§ WHAT THE TASK ASKS:
Your task is to return, word for word, only the lines from the line with "British Shorthair 8 Aylık" through the close of the data. Exclude all pictures.

§ AVAILABLE DATA:
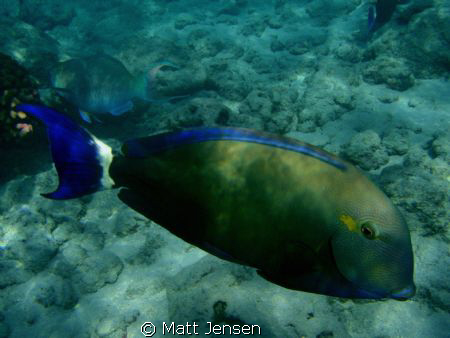 Fish in Hanauma Bay on the island of Oahu, Hawaii. Taken ... by Matt Jensen 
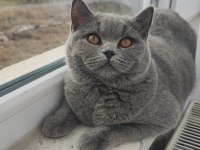 British Shorthair 8 Aylık
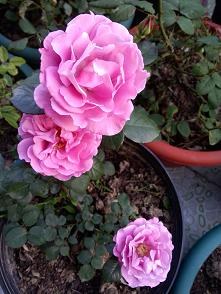 IMG20140423180656.jpg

§ TASK ANSWER:
 British Shorthair 8 Aylık
 IMG20140423180656.jpg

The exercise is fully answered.